Prince compte parmi les artistes les plus « piratés ». Tout au long de sa carrière, son immense productivité a donné lieu à quantité d’enregistrements diffusés on ne sait trop comment et par qui, puis revendus chez les disquaires.

Avant l’avènement d’Internet et même du CD, c’étaient des cassettes inlassablement dupliquées qui circulaient. Le son en était altéré, la musique souvent accélérée, mais, pour les fans, ces cassettes constituaient autant de trésors qui leur permettaient d’entrevoir une facette de leur artiste préféré souvent inconnue de ceux qu’ils appelaient « le grand public ». On y trouvait des concerts donnés la nuit dans des clubs, des morceaux inédits, les premières versions de titres publiés et des répétitions.

Avec Prince, il y avait de quoi faire. Les nouveautés pleuvaient, et découvrir cet artiste revenait à s’adonner à un jeu de piste mêlant enregistrements officiels et marché noir.

Depuis la mort de Prince en 2016, la question des pirates est au cœur de plusieurs débats, d’abord parce que l’éditeur Prince Estate a décidé de mener devant la justice certains de leurs entremetteurs, ensuite parce que le décès de l’artiste donne un accès renouvelé aux coffres de Paisley Park, demeure et studio de Prince à Minneapolis, où des milliers d’enregistrements audio et vidéo étaient contenus dans ce qu’il est de coutume d’appeler le « Vault ».

Un archiviste est dorénavant responsable du fonds, et les questions sur son traitement sont nombreuses. Quels seront les enregistrements retenus pour les disques posthumes ? Va-t-on continuer à découvrir de nouveaux aspects de la carrière de Prince, cette fois-ci dans le cadre d’une diffusion officielle et contrôlée ?

À ces questions, le Prince Estate a répondu à trois reprises. Un single a été publié, « Nothing Compares 2 U » dans sa version originale ; puis un coffret autour de l’album Purple Rain contenant des morceaux inédits, parmi lesquels des pépites (« Wonderful Ass », « Can I f**k with you ? », « Possessed ») ; et récemment ce Piano & a Microphone, point d’orgue absolu de ces sorties. Un disque incontournable.

Pour les fans, l’enregistrement est depuis longtemps connu sous plusieurs titres : Intimate Moments, Piano Sessions… Trente-cinq minutes de répétition de 1983. Une sorte de Graal parce qu’on y entend Prince dans une configuration improbable : chez lui, seul avec un ingénieur du son, au piano, chantant des morceaux inédits, des reprises et une première version de « Purple Rain » avant que celle-ci ne soit gravée sur le disque du même nom. Une suite musicale captant un Prince d’avant la gloire, le tout enregistré sur une cassette audio retournée à mi-­parcours par l’ingénieur du son.
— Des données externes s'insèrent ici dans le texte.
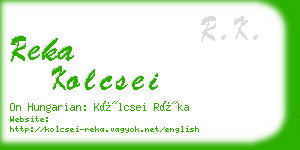 reka kolcsei business card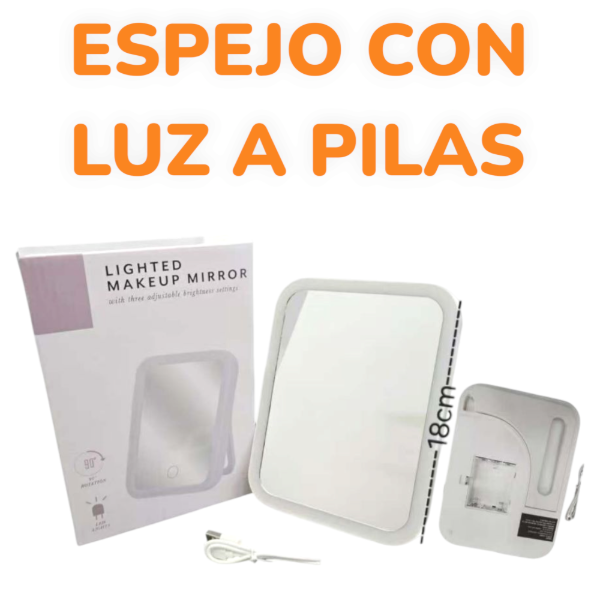 Producto - Espejo Con Luz Recargable USB A Pila 18CM EM0887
Choix curieux de la part du Prince Estate, le disque ne se prête pas à une écoute distraite. Choix inspiré cependant si l’on considère cet enregistrement « document » comme une plongée dans la facture de l’œuvre. Prince y est au travail. Il affine sa voix, plaque des accords bluesy, percute et caresse son piano, s’autorise des envolées de soliste. Dans une même session, il passe des profondeurs abyssales d’une tristesse lancinante (« Wednesday », « Why the Butterflies ») à une légèreté sensuelle (« International Lover ») et à un humour potache (« Cold Coffee & Cocaine »). Comme à son habitude, il mêle les genres, funk, soul, jazz, folk et ici gospel pour un « Mary Don’t You Weep » bouleversant.

Prince se vit en interprète frénétique, aux possibilités infinies, mais aussi en chef d’orchestre. Il pense à voix haute, chante les lignes de basse, scatte les parties de batterie, claque des doigts, tape du pied. De tout son corps, il élabore l’orchestration des morceaux, imagine leur déploiement en studio et sur scène.

Petite souris cachée sous un piano, l’auditeur assiste alors à un instantané de l’immense pouvoir créatif du musicien. Il est sans cesse surpris et vit une expérience rare, une immersion totale dans la musique de Prince.

Piano & a Microphone 1983, Prince, Warner, NPG Records, The Prince Estate.